Both articles start from the phenomenon of what we could call the crackup of liberalism--the clear descent of liberalism into tyranny. Sohrab Ahmari, an editor for the NYPost, sets the terms of the discussion well in an article for the The Spectator US:
Ahmari begins with a simple question: "Are citizens of liberal societies permitted to question liberalism?" In theory the answer should be as simple as the question: Of course citizens can question liberalism--that's the whole point of liberalism! The open marketplace of ideas. And yet that's not the reality of America--not really. Much of the energy of liberal opinionating is expended in attempts to shut down all discussion that strays beyond whatever the current liberal orthodoxy happens to be. This is usually done by a process of demonizing all dissenters from the liberal orthodoxy--a tactic that has become familiar over many decades. As Ahmari observes:
Such tolerance is rarely in evidence in practice, however — a reality illustrated in hilarious fashion by a writer for a Washington magazine who recently decried ‘cancel culture’ even as he insisted that: ‘It’s absolutely necessary to de-platform public intellectuals who object to liberal democracy.’

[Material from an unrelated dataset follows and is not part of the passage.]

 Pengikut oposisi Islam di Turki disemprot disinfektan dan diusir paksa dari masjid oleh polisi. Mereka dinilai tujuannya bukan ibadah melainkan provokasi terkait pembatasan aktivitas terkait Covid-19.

As an historical matter, the liberal ideology arose as a supposed solution to the intolerance of religious quarrels, which had led Europe into seemingly endless wars. Separation of Church and State was supposed to lead to tolerance in society, a live and let live culture.
Church and state have long been separated. The ideal is that a new liberal order ushers in a new, rational, tolerant and secular regime: cleaving apart day-to-day politics from religion and metaphysics. So instead of enshrining any one orthodoxy, a liberal neutral ground would be created, one that could be contested by rival accounts of the good life. The religious would be able to live happily beside the unbelievers, with all minorities protected. In this way, the advent of liberalism would — once and for all — put an end to the persecutions of the past.

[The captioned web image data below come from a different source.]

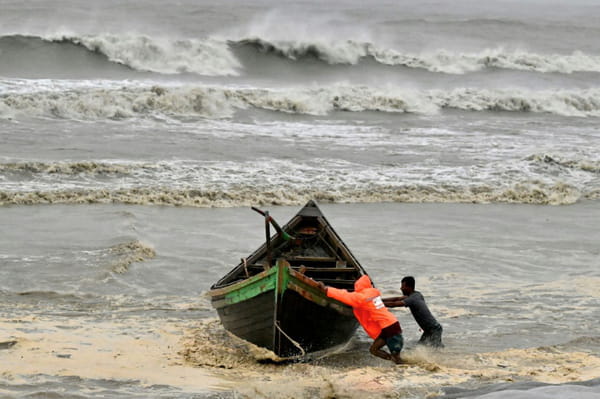 Bangladesh: a million inhabitants flee the powerful cyclone Remal, which made landfall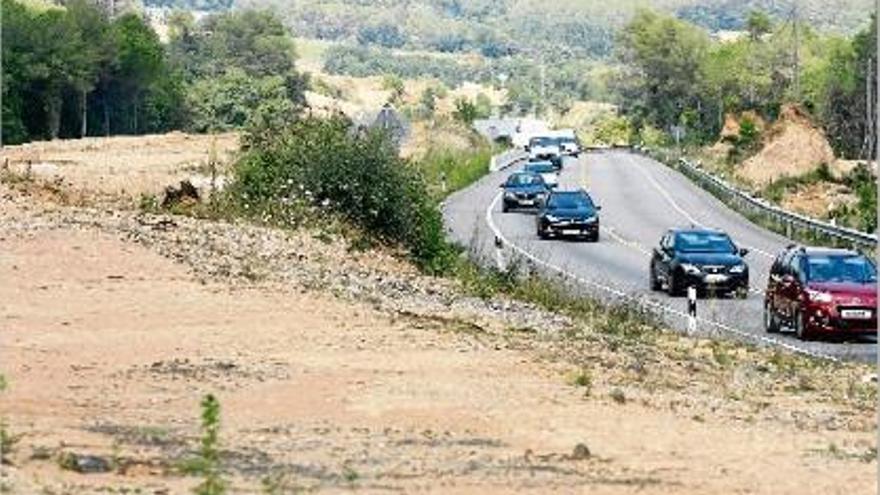 Una fotografia d&#039;arxiu del tram entre Medinyà i Orriols, amb el desdoblament a mitges des del 2010.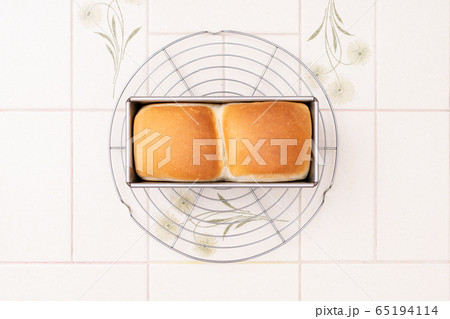 おうちでパン作り　山食を作る工程　4-焼きあがったパンを型から外す 65194114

Not only has this not turned out to be true now, but it arguably has never been true. Liberalism has everywhere shown its true colors, its true religious nature. Its claims to to establish a promised land of enlightened tolerance turn out to have been a ploy. The claim that any society could live and thrive without a philosophical narrative of the good life, of the common good, was always transparent bunk. Liberalism has never been neutral, and as it has gained the ascendancy its essential, inevitable, intolerance has become apparent to all:
But has that really come to pass? Given man’s inclination to worship, to build altars in the public square, our societies will always enshrine some orthodoxy or other (and, therefore, empower some clerisy or other). The only questions are: which orthodoxy? Which clerics? If the past couple of years have made anything clear, it is that there is to be no neutrality. The West must choose.

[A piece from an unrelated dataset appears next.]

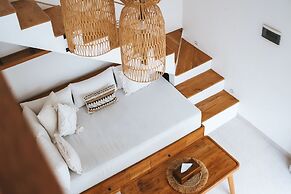 Sun & Moon Villa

Ahmari drives his point home with a series of rhetorical questions:
Look around you: when was the last time you felt like you lived in a pluralistic, tolerant society? Does the Free World feel free? Four centuries or so since it was launched, has the liberal project delivered on its promise to make men and women free, by toppling all the old authorities? Or has the downfall of authority left us more vulnerable to more insidious and subtle forms of coercion, by woke demagogues, employers and advertisers?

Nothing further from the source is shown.